Interpreted languages are fast enough or too slow. Ruby helped Twitter get where it is, and without such insane peak performance needs I’m sure they would have stayed with Ruby. We’re actually about to embark on rewriting some core systems from Python into C++, because we can’t always throw (more or better) hardware at the problem.
Architect your organization the way you'd want your software to be architected. This is derived from Conway’s law (“Four teams working on a compiler will develop a four-pass compiler”), and I feel is central. If you want to rearchitect your technology, you need to reform your organization. There’s no way around it. The basis of discussion for those organizational changes should be how the technology should look.
Prefer interfaces at the service level. This isn’t always possible (core libraries or frameworks, fat clients, etc.), but should be preferred. It's a natural boundary. Although, interfaces at the module, package or class level can work fine for a certain scale (up to quite large, I imagine). Twitter has more open Software Engineer positions than most projects have programmers! But SOA is a great thing, for technology and for organizations.
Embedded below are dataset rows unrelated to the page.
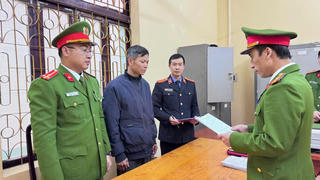 Khởi tố nguyên chủ tịch xã ở Tuyên Quang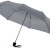 Зонт складной «Ida» серый/черный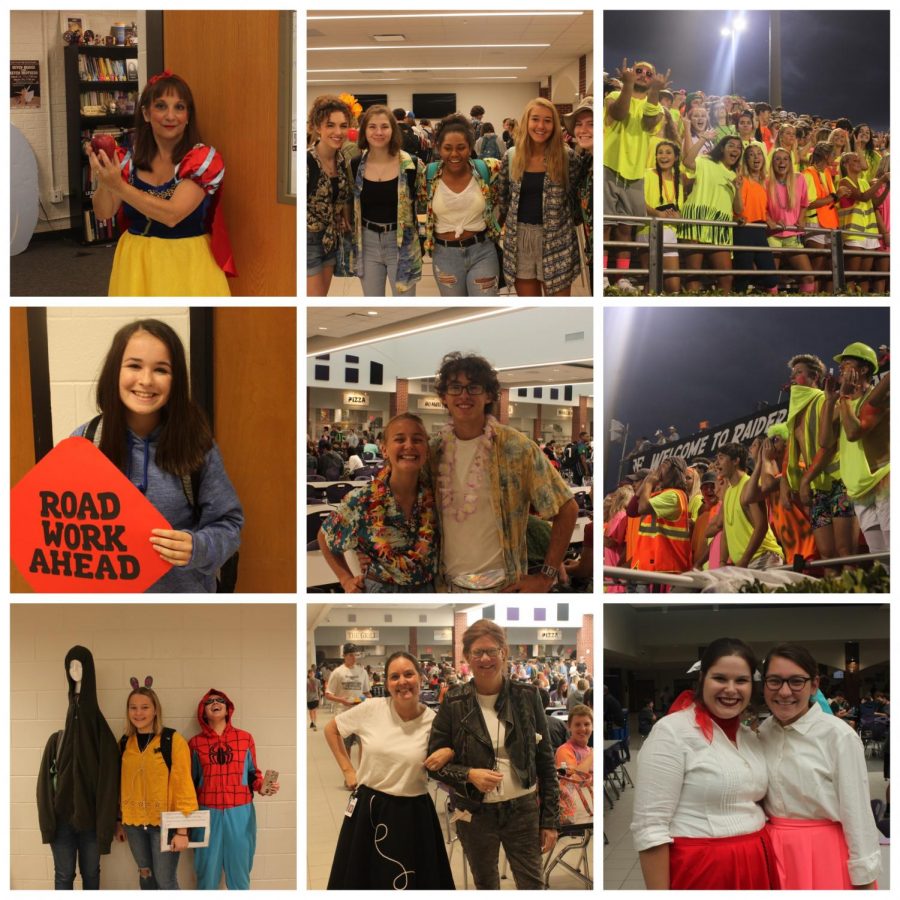 Students+and+staff+dressed+up+everyday+for+spirit+week+last+week+to+show+their+school+support+and+they+did+a+wonderful+job.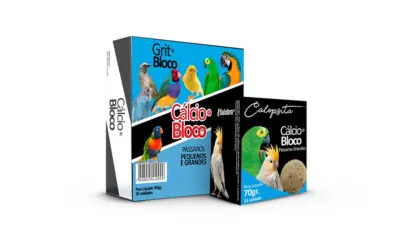 suplementos para pássaros Humberald Pets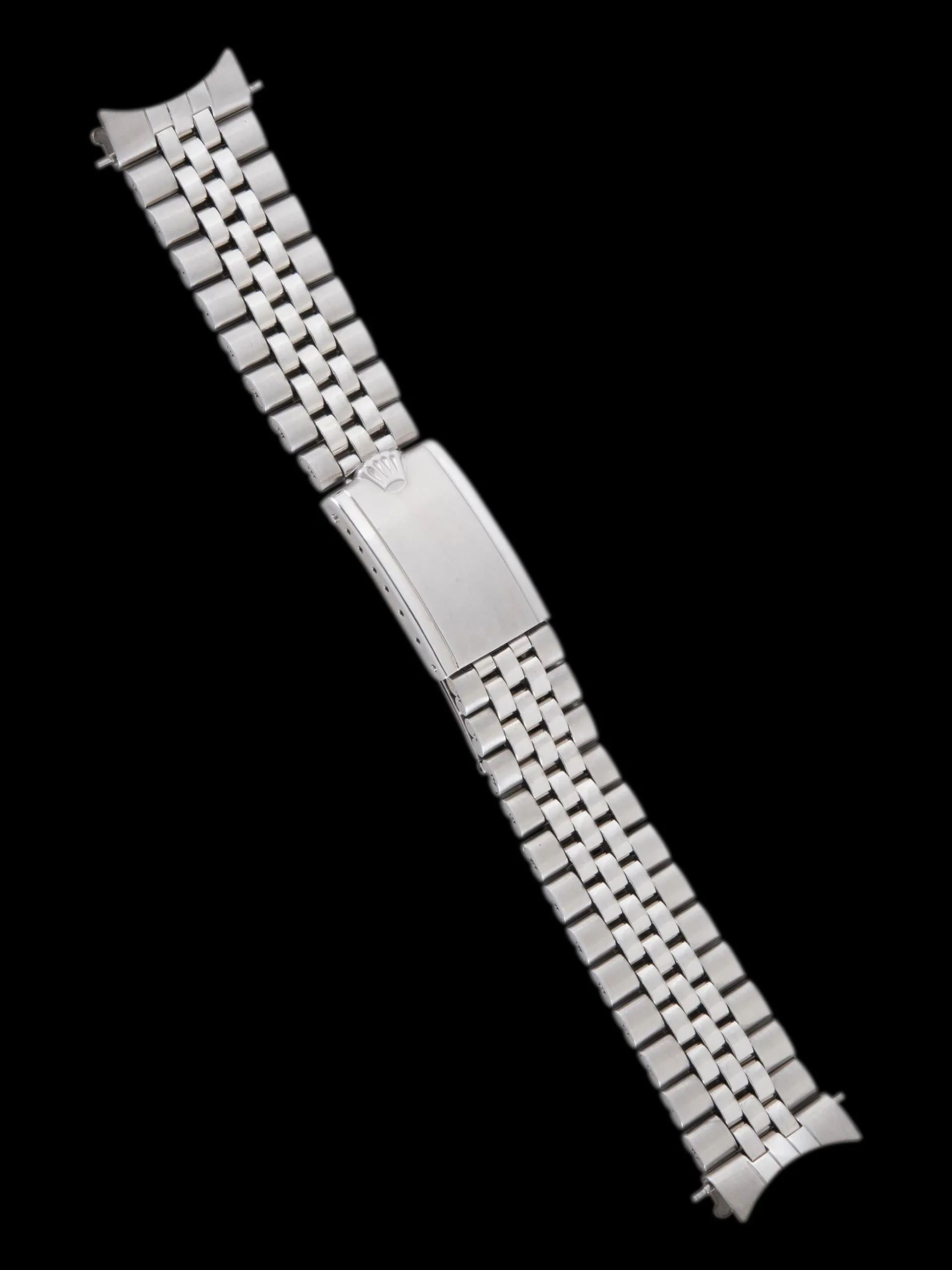 1969 Rolex Datejust (Ref. 1601) Silver Non-Luminous Dial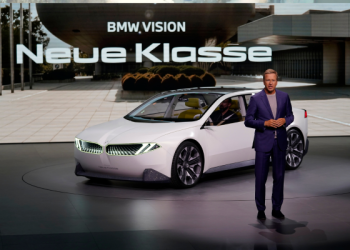 BMW is losing China, can the Neue Klasse save it?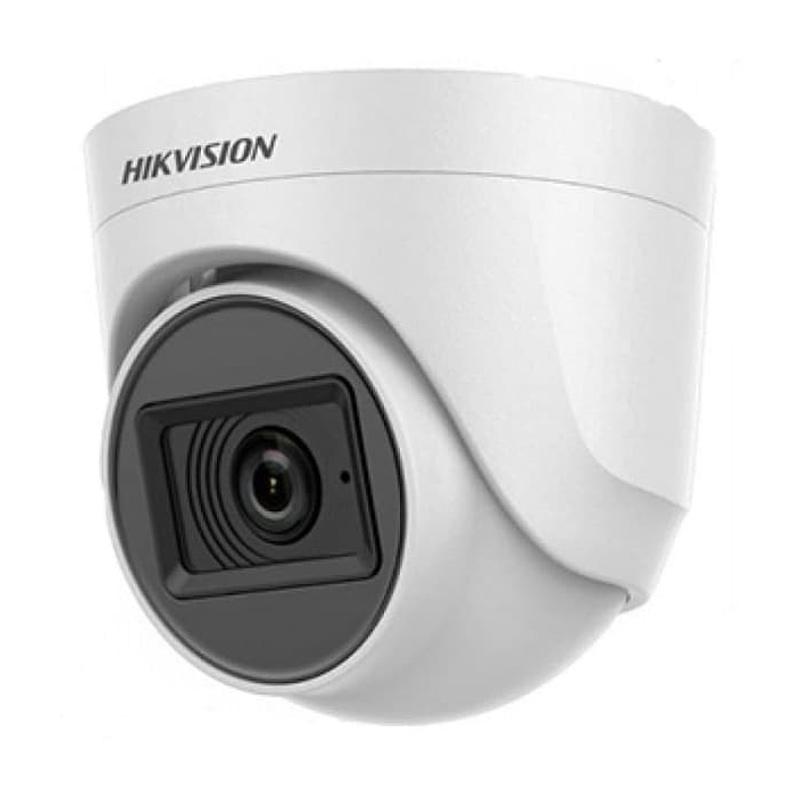 كاميرا مراقبة Hikvision DS-2CE76H0T-ITPF توريت داخلية 5MP بعدسة 3.6مم Analog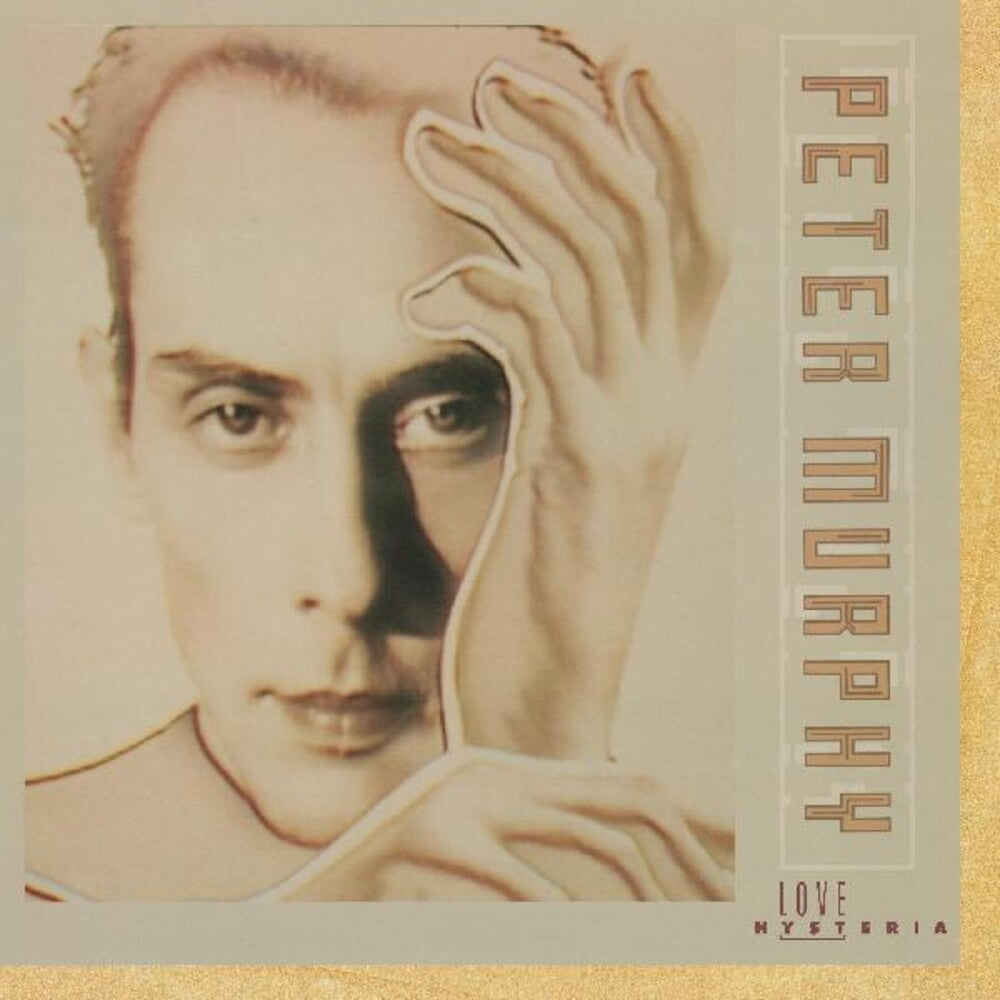Peter Murphy- Love Hysteria [Colored Vinyl] [ VINYL LP ]
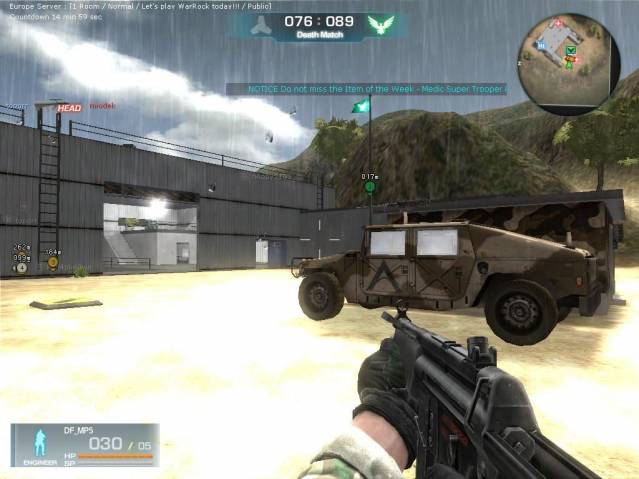 War Rock [ENG]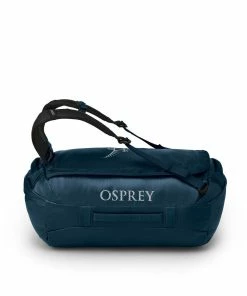 Osprey Transporter Duffel 40 -Leki Sales Shop tranptr40f21 f21 front venturiblue 92950.1666655061
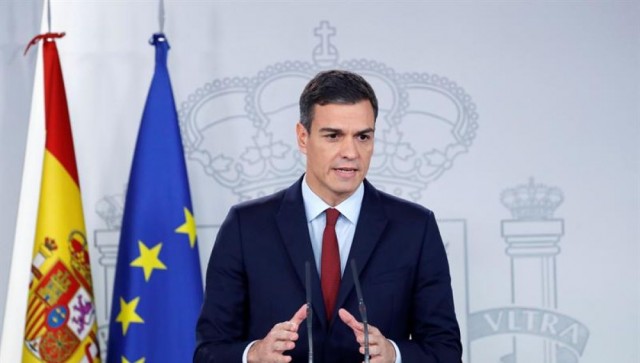 El CIS mantiene al PSOE en cabeza, con el PP a 12 puntos recuperando la segunda plaza a costa de Cs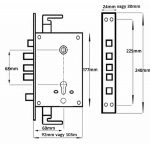 hisec-ajto-zar-also-pontos-meretek-rajz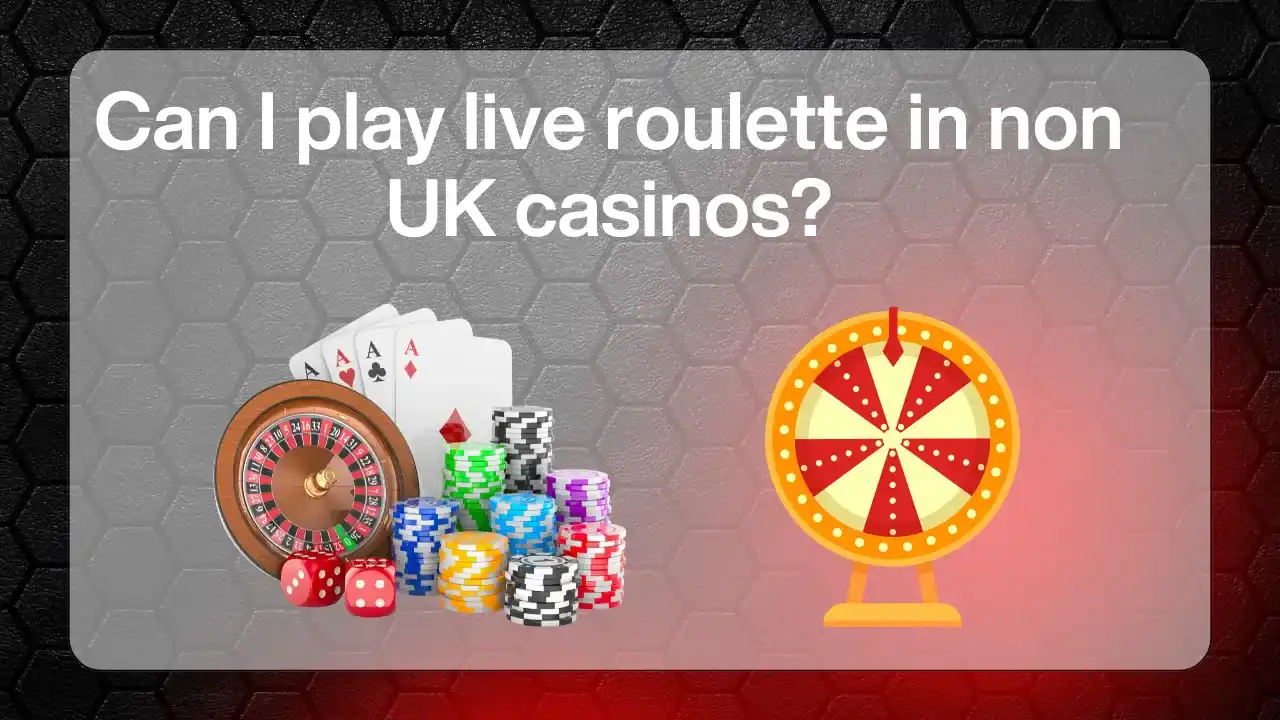 Play Live Roulette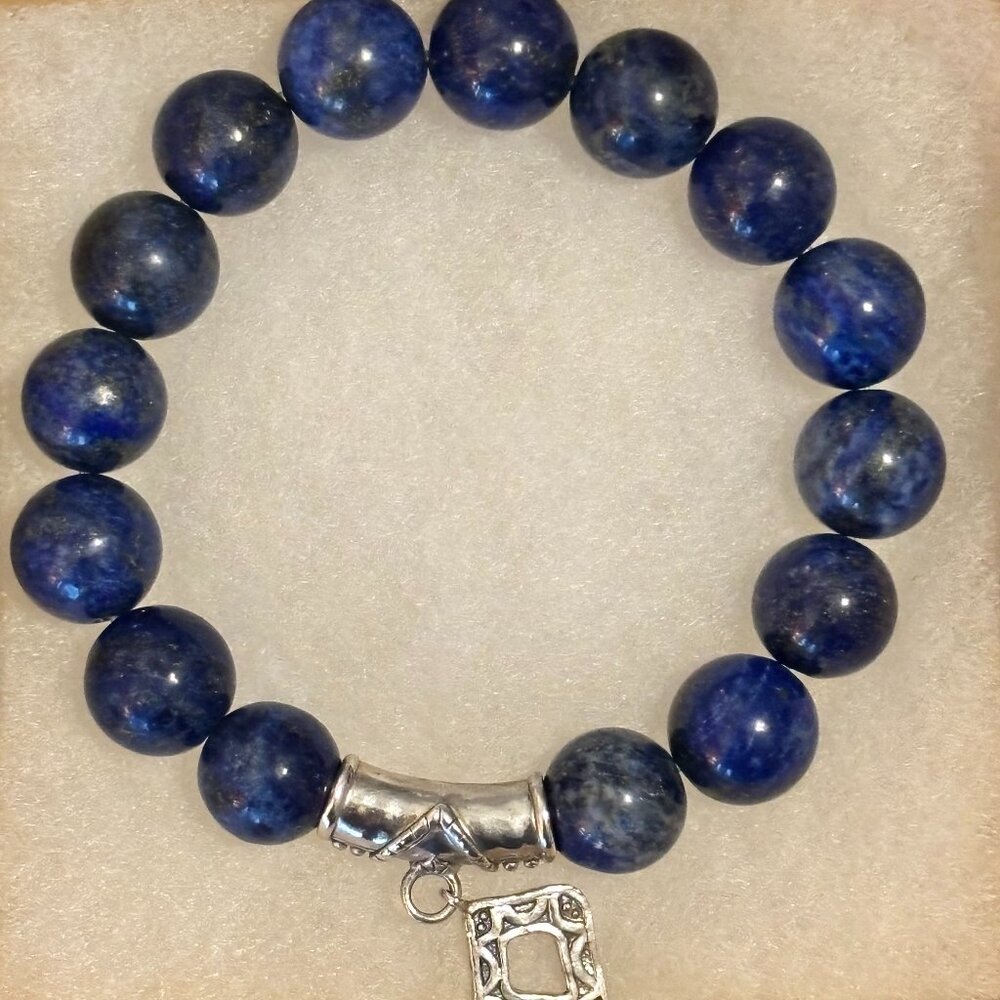 Silpada CONFECTION stretch Bracelet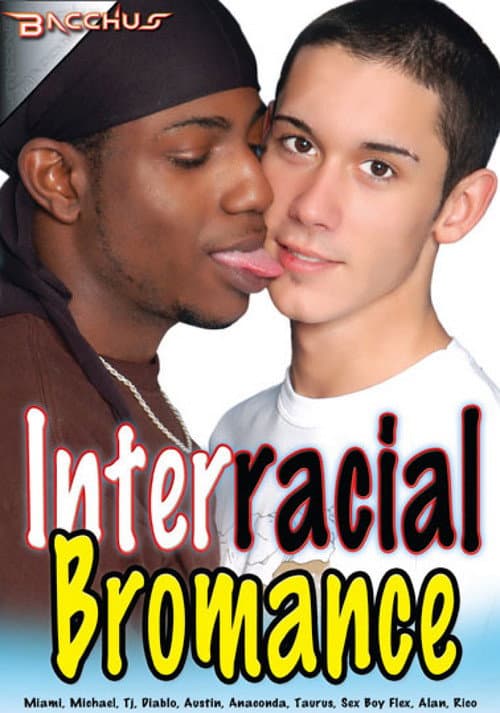 Interracial Bromance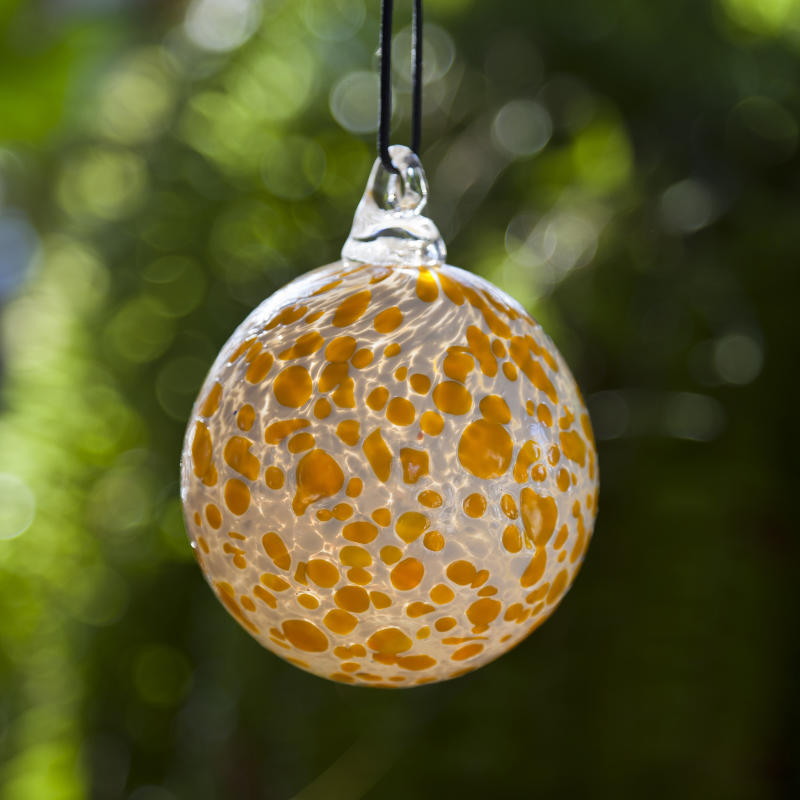 Glass Ornament (1)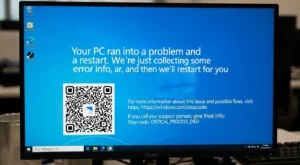 Windows 10 Mavi Ekran Hatası Windows 10 Mavi Ekran Hatası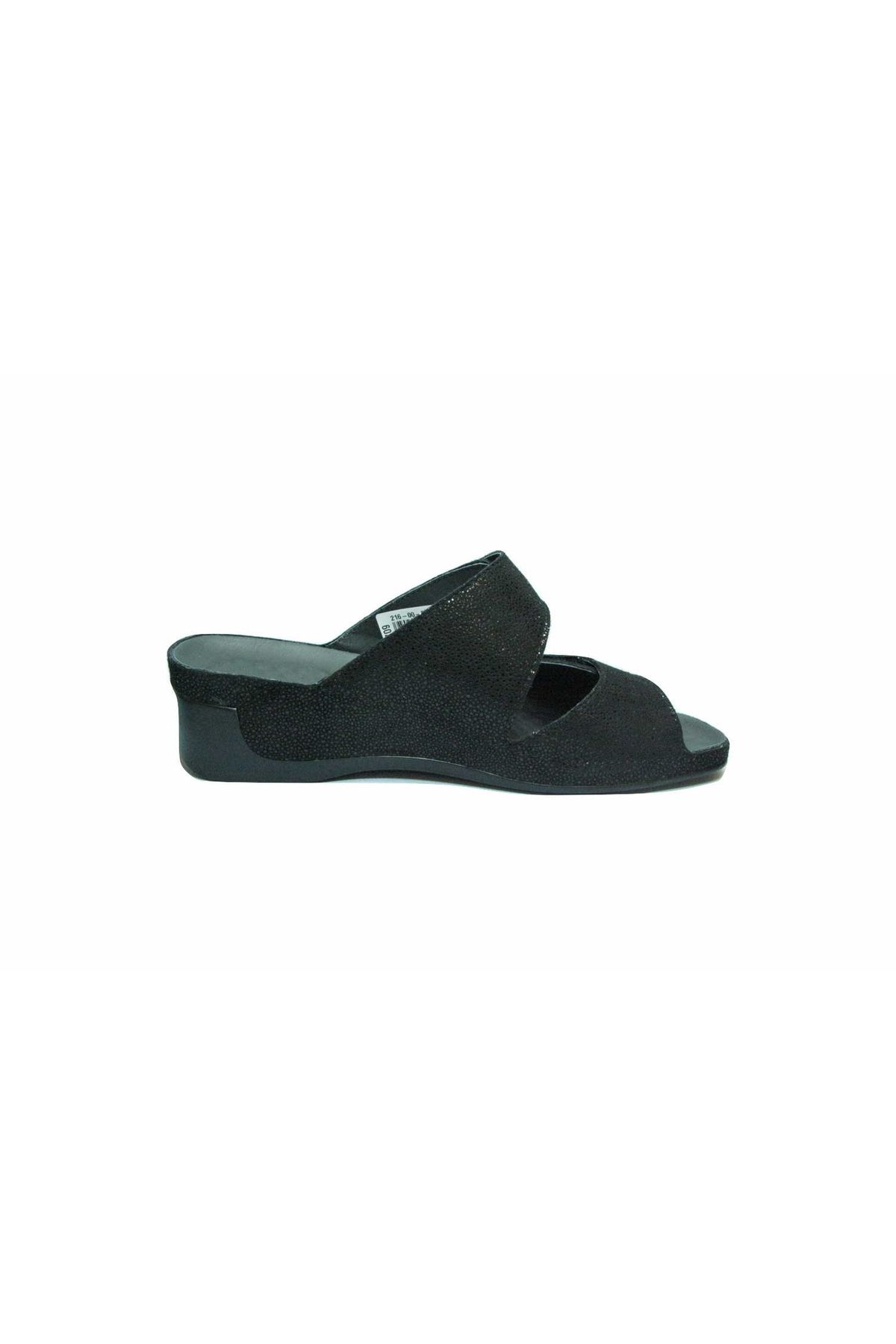 Vital-Sandalen schwarz 4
Self-organized teams around services are effective. Self-organizing teams have been one of the keys to Agile’s effectiveness (even when Agile development principles aren’t followed). It is difficult to scale Agile up to multiple teams, though, so dividing at service boundaries is a convenient way to reduce to how large Agile must scale. (As an aside, I don’t mean to say “Agile doesn’t scale” or that other development methodologies scale better, it’s just really difficult to scale up software development.)
Monolithic databases will be a bottleneck. Twitter came up with some clever solutions for sharding and balancing that worked for Twitter. If you have a monolithic database under great strain, you will need to get creative with your own solution.